French Kids Eat Everything: How Our Family Moved to France, Cured Picky Eating, Banned Snacking, and Discovered 10 Simple Rules for Raising Happy, Healthy EatersFrench Kids Eat Everything: How Our Family Moved to France, Cured Picky Eating, Banned Snacking, and Discovered 10 Simple Rules for Raising Happy, Healthy Eaters by Karen Le Billon

My rating: 3 of 5 stars

Memoir/nonfiction

This family spent one year living in Brittany near the husband’s family.  They had two small children and their relatives were horrified by their eating habits.  In France there are many unspoken rules that govern eating and this Canadian family was breaking them all. 

1.  You are in charge of food education.

2.  Avoid emotional eating – Don’t use food to avoid disciplining children.  No bribes.

3. Parents schedule meals and kids eat what adults eat.

4.  Eat meals together

5.  Eat your veggies.

6.  You don’t have to like it but you do have to taste it.

7.  No snacking.  It is ok to feel hungry between meals.

8.  Slow food is happy food.

9.  Eat mostly real food.

10.  Remember eating is joyful!

I picked up this book because this is a major pet peeve of mine.  I was pretty much raised with these rules, even though I’m not at all French, so when I had to feed a stepchild these seemed natural.  Then all hell broke loose.

I was dealing with a child who was never taught to use utensils.  She was taught to scream whenever there was a knife on her side of the table.  That ended when I forced her to pick up a butter knife and challenged her to try to find a way to hurt herself with it.  Seriously, forks are more dangerous than that.

Because most adults who work with this kid are terrified of her, they give into her demands for whatever food she wants.  Not here.  I’m not forcing her to eat disgusting things but she doesn’t see it that way.  When she was about 5 we had a fondue night.  There was a spread of fruits and vegetables on the table and she spent the meal screaming, “Heather!  You’re a bad cooker!”  Ah, memories.  At almost 11 she still has no table manners despite my insistence.  She’s getting better.  About half the time she can chew without food falling out of her mouth.  It is hard because she isn’t here often and apparently these rules aren’t insisted on elsewhere.  It makes me wonder why I’m the only Miss Manners around.

It isn’t just here.  I watch my mother with my niece and nephew and wonder what happened to the woman who raised me.  I never got to eat macaroni and cheese instead of what the adults were eating.  Had I suggested it, it would not have been pretty.  I was a budding vegetarian even as a kid so I had to smother roast in ketchup to get it down.  The kids also eat almost nonstop.  I don’t remember being handed food every time I was bored.

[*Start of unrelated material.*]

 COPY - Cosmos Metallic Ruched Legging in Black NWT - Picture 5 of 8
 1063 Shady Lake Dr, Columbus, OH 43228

I found the French approach to food education in school interesting.  I think kids should be taught how to try things and how to eat in public.  The only problem I have with it is the emphasis on never expressing personal preference.  It makes me wonder how any French vegetarians deal with the system.

I also enjoyed hearing how they tried to keep the French spirit of eating when they moved back to Vancouver and a culture that was not supportive of it.

There are some recipes in the back of the book that look interesting.  Some of these are baby food which are basically soups.  They sound like things I’d like.